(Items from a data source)
= = = =

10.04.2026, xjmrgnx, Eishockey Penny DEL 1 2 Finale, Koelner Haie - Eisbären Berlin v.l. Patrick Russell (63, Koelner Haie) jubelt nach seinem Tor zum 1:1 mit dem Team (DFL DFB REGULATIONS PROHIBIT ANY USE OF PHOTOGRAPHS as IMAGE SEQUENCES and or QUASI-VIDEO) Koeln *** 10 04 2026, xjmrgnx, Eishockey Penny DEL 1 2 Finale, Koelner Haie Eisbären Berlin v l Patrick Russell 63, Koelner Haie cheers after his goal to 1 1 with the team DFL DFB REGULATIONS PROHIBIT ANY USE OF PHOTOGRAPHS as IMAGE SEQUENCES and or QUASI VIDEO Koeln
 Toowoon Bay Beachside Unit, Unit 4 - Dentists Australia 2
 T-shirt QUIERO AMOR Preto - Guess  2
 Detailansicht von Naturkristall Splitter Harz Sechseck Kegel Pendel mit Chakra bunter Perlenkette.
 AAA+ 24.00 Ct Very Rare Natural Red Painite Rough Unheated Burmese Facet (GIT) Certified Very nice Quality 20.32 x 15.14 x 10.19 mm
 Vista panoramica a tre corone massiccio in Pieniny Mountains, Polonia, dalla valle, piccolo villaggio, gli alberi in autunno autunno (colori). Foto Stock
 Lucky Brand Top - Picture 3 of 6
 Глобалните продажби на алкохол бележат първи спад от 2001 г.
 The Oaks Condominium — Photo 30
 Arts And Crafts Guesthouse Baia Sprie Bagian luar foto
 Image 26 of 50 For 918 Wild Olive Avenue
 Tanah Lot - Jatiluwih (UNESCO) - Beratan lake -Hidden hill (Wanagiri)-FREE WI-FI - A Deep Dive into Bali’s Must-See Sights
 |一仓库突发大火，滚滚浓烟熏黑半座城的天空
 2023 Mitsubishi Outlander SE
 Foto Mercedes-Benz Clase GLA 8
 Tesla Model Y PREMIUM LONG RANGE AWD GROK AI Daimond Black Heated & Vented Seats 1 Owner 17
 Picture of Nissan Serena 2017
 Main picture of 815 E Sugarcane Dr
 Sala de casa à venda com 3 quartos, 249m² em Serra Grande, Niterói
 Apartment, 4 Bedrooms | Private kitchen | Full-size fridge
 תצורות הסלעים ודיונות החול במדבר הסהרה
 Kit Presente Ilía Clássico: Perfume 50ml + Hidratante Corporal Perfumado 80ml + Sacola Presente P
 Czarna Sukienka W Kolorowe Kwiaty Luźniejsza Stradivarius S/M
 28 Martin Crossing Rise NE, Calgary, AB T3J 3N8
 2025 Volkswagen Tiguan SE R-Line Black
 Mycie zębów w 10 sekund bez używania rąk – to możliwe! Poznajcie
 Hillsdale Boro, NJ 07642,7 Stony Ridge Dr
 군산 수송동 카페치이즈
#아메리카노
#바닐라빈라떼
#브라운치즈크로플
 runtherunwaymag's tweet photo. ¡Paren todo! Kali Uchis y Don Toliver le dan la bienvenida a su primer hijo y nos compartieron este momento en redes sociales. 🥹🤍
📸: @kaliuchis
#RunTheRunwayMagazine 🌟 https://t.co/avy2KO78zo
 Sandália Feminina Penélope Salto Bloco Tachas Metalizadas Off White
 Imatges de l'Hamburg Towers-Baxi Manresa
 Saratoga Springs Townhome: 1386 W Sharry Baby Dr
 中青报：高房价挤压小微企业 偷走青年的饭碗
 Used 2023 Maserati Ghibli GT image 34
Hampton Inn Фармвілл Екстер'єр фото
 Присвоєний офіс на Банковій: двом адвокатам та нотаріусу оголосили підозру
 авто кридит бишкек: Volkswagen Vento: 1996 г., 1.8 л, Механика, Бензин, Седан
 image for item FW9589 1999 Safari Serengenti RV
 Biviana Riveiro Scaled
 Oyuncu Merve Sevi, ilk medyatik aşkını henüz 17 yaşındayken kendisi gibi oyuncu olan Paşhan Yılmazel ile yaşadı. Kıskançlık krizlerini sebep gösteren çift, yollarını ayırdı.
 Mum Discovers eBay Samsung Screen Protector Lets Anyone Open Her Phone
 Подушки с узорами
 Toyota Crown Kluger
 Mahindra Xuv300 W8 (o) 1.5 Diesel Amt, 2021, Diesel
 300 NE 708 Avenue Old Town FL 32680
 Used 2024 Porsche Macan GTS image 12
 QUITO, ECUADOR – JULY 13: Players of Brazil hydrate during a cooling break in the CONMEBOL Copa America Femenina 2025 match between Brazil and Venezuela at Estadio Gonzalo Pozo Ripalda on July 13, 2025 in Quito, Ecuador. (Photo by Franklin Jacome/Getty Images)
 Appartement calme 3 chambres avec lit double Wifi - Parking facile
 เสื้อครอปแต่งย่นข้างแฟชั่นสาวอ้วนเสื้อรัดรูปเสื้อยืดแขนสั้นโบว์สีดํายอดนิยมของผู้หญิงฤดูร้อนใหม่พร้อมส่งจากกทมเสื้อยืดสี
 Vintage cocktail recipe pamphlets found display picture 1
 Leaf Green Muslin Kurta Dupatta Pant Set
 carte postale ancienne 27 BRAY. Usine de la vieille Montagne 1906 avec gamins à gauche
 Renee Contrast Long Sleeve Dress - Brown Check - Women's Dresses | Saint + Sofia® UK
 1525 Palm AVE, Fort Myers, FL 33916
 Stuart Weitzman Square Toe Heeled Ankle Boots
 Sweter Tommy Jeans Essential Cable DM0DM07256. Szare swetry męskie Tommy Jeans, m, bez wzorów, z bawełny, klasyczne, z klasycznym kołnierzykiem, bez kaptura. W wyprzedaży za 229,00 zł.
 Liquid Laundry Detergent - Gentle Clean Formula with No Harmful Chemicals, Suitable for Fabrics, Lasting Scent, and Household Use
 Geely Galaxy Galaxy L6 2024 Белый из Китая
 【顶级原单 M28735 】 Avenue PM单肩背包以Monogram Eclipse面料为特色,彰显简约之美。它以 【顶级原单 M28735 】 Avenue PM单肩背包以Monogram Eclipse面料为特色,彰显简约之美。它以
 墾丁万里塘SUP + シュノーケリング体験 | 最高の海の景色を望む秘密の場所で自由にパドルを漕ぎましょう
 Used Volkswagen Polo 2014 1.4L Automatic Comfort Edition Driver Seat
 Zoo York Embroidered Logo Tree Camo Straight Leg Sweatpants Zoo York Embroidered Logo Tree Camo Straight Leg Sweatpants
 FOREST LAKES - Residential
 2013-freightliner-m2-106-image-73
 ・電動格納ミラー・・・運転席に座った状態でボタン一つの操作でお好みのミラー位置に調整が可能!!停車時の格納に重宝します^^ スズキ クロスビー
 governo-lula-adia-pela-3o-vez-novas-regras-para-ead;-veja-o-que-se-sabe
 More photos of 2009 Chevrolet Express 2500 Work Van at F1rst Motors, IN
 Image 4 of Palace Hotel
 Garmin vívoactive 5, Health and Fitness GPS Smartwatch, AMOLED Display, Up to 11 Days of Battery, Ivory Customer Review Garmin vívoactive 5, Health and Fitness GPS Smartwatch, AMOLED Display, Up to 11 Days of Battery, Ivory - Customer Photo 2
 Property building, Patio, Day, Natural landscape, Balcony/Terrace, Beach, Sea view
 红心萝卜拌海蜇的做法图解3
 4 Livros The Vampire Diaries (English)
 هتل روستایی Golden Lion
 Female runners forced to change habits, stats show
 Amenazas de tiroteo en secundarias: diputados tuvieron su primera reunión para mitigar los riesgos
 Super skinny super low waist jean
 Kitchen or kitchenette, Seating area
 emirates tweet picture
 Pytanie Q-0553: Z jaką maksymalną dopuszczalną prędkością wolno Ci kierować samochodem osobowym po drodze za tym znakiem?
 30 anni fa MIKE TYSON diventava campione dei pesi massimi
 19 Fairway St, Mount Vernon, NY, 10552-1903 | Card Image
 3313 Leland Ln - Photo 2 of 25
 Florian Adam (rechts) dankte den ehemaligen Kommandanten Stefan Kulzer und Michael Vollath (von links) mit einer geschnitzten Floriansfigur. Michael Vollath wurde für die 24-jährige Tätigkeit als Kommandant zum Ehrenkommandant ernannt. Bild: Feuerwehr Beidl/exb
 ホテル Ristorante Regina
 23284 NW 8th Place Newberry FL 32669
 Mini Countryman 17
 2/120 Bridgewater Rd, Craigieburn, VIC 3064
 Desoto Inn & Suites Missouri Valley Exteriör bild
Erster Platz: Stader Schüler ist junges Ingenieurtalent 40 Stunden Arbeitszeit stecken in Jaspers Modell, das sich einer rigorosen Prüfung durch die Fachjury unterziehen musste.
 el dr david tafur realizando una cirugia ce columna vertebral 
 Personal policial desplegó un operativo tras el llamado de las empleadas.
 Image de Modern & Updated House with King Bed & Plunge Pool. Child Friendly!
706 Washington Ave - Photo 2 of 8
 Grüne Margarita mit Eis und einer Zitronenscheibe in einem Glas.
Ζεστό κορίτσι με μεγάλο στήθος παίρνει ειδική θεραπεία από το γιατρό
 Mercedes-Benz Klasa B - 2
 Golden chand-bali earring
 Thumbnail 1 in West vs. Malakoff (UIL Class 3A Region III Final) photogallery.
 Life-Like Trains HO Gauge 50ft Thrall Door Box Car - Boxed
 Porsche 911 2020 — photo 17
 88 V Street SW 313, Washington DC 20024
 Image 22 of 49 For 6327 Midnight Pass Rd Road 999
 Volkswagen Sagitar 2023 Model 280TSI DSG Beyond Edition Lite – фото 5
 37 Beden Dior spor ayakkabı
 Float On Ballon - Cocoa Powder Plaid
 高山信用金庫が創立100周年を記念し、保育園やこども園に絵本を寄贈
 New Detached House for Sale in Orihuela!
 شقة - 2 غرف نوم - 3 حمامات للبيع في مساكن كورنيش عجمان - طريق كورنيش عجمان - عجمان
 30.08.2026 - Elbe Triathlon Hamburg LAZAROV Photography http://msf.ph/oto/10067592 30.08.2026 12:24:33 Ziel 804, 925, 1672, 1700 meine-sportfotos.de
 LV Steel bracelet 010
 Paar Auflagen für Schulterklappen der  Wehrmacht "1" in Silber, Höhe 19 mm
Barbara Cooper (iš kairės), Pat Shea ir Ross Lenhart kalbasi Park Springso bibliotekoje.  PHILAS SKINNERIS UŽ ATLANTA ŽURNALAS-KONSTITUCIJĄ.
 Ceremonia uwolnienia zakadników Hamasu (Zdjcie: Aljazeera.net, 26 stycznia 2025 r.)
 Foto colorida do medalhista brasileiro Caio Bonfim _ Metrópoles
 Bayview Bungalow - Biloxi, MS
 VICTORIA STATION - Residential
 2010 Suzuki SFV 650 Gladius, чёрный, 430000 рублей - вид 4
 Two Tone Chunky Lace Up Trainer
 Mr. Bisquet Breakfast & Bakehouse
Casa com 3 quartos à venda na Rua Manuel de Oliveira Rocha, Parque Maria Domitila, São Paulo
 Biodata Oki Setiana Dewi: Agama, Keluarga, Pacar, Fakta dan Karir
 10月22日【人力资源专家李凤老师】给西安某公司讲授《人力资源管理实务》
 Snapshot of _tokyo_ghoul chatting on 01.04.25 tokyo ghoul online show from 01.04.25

= = = =

#### [Work order]
Print exactly the lines from the beginning of the entries through the line with "AAA+ 24.00 Ct". Output nothing more.

#### [Answer below]
10.04.2026, xjmrgnx, Eishockey Penny DEL 1 2 Finale, Koelner Haie - Eisbären Berlin v.l. Patrick Russell (63, Koelner Haie) jubelt nach seinem Tor zum 1:1 mit dem Team (DFL DFB REGULATIONS PROHIBIT ANY USE OF PHOTOGRAPHS as IMAGE SEQUENCES and or QUASI-VIDEO) Koeln *** 10 04 2026, xjmrgnx, Eishockey Penny DEL 1 2 Finale, Koelner Haie Eisbären Berlin v l Patrick Russell 63, Koelner Haie cheers after his goal to 1 1 with the team DFL DFB REGULATIONS PROHIBIT ANY USE OF PHOTOGRAPHS as IMAGE SEQUENCES and or QUASI VIDEO Koeln
 Toowoon Bay Beachside Unit, Unit 4 - Dentists Australia 2
 T-shirt QUIERO AMOR Preto - Guess  2
 Detailansicht von Naturkristall Splitter Harz Sechseck Kegel Pendel mit Chakra bunter Perlenkette.
 AAA+ 24.00 Ct Very Rare Natural Red Painite Rough Unheated Burmese Facet (GIT) Certified Very nice Quality 20.32 x 15.14 x 10.19 mm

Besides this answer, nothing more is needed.